El día en que esta mujer perdió el miedo
El día, y hasta la hora. No es muy frecuente recordar el día, y hasta la hora, en que se pierde el miedo. Pero Natalia Menéndez, actriz, entrenadora de actores (lo que en el argot se llama coach, entrenar), directora de teatro, hija de Juanjo Menéndez, un parentesco que le llena de orgullo, tiene cronometrado el momento en que eso sucedió. Fue en Barcelona, hace diez años, y fue en medio de un parlamento que ella debía decir en La discreta enamorada, de Lope de Vega. "Siempre tenía miedo de no agradar, y fui diciendo una frase de esa obra, en medio de los nervios, cuando me dije: '¿Y qué importa? No le vas a agradar siempre a todo el mundo...' Y ahí decidí que lo de gustar es una tontería, lo importante es comunicar... Y cuando descubres algo sencillo descubres también un mundo grande". Usa gafas de colores, a cualquier hora parece recién duchada ("porque yo soy muy limpia, no porque me levante tarde"), y es acaso la mujer que más sonríe, o ríe, del mundo del teatro, en el que nació asustada porque su padre lanzaba al aire un niño en una obra de Jean Anouilh, el primer montaje que vio en su vida. En la escena, su padre reñía con una mujer que no era su madre, además ponía en riesgo la vida de un bebé...; ella no entendía nada, hasta que supo que todo aquello era puro teatro... En el puro teatro (y en todas las disciplinas de la escena) está desde entonces, y ahora acaba de estrenar como directora, en el María Guerrero, en Madrid, El invierno bajo la mesa, de Roland Topor, con Toni Acosta y Lorena Berdún, entre otros. En la obra se repite mucho una palabra intraducible, trom: entre otras cosas, dice Natalia Menéndez, significaría: "... No prejuzgar, dignidad y respeto en abundancia, un pellizco de ternura, atreverse a preguntar, volver a jugar..." Ella es una chica trom, porque todo eso le va perfectamente.
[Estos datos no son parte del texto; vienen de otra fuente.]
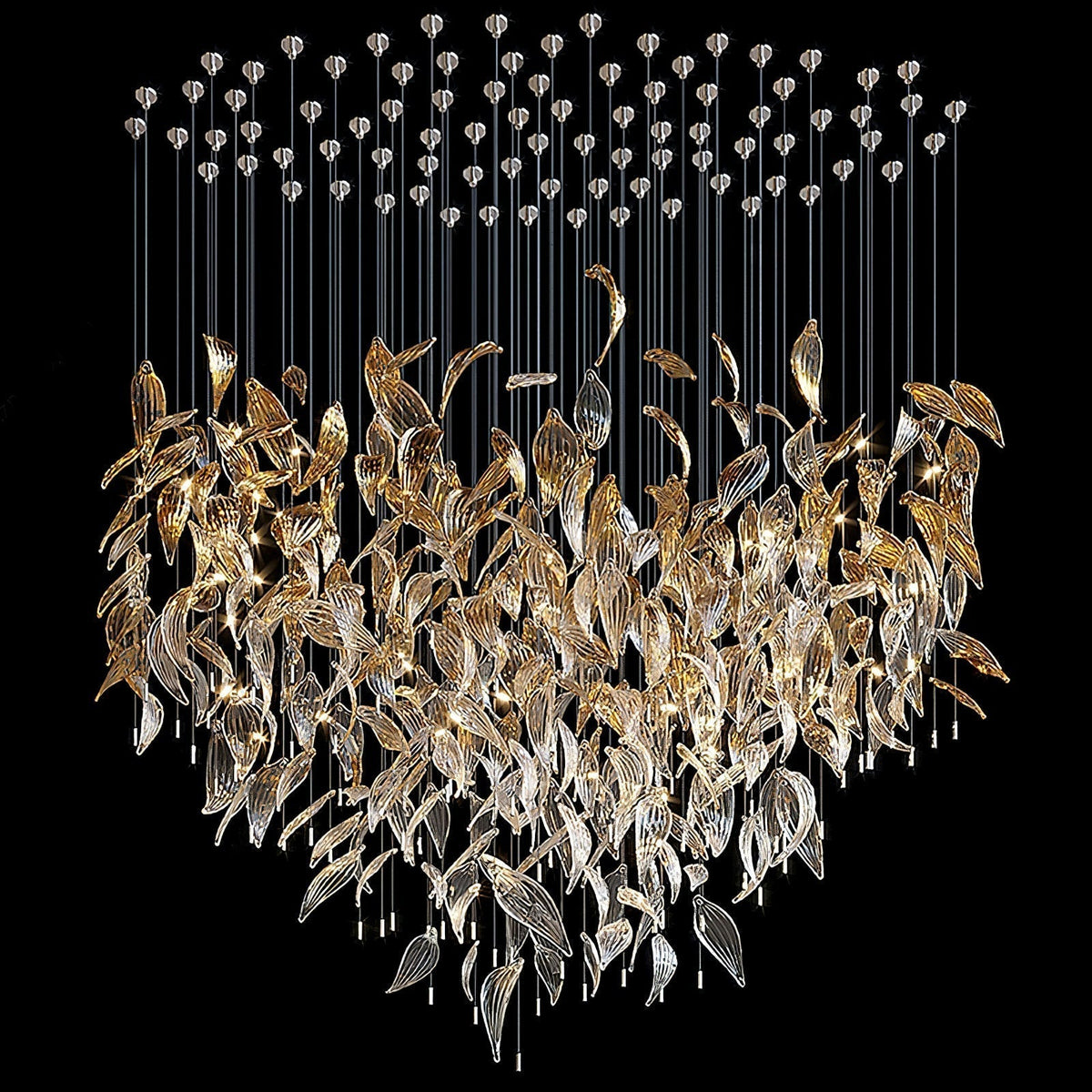 Neleira Lustre Feuille Cascadant Luxe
El padre. "Cuando la gente aplaudía a mi padre, él me parecía más grande aún; los aplausos lo hacían enorme a mis ojos... Lo magnifiqué. Estudié interpretación, y me fui a París, donde no estaba mi padre, ¡pero estaba mi tío Jean-Pierre Miquel!, que fue director de La Comédie Française y del teatro del Odeón... Entré de ayudante suya y trabajé también como productora de cine... Cuando me llamó mi padre para que trabajara con él, en un vodevil de Alonso Millán, le seguí a ciegas... Después me fui al Teatro Nacional Clásico, y en ese trayecto ya sentía ese orgullo de ser hija de quien era... Mi padre tenía un gran sentido del humor, era generoso... Era muy tímido. Un día se quedó una señora mirándole, en un ascensor, él superó la timidez y le dijo: 'Señora, no me mire tanto, que no soy la Virgen María..."
Entrenar. "Un coach es alguien que ayuda a un actor, sobre todo extranjero, a integrarse en el trabajo que tiene que hacer aquí... Le enseñas las costumbres, la mentalidad, haces que se divierta trabajando, le introduces en el idioma... He sido coach de Tcheky Carrió, de Gilbert Melky, de Jose García, de Najwa Nimri... Desde pequeña me di cuenta de que eso me gustaba, que la gente se sintiera bien; a lo mejor eso esconde que yo en realidad quisiera estar detrás y no delante en la escena... He hecho cine, pero supongo que de mayor haré más cine porque, como no me he operado, tendré el aspecto que los directores quieren que se tenga a ciertas edades..."
Teatro. "Es el lugar donde no puedes hacer trampas, el juego tiene que ser verdad... Esta obra de Topor es puro teatro: habla sobre la dignidad; si hay dignidad se puede vivir más feliz, y si tienes prejuicios no consigues lo que quieres. Sin trampas. Con trom".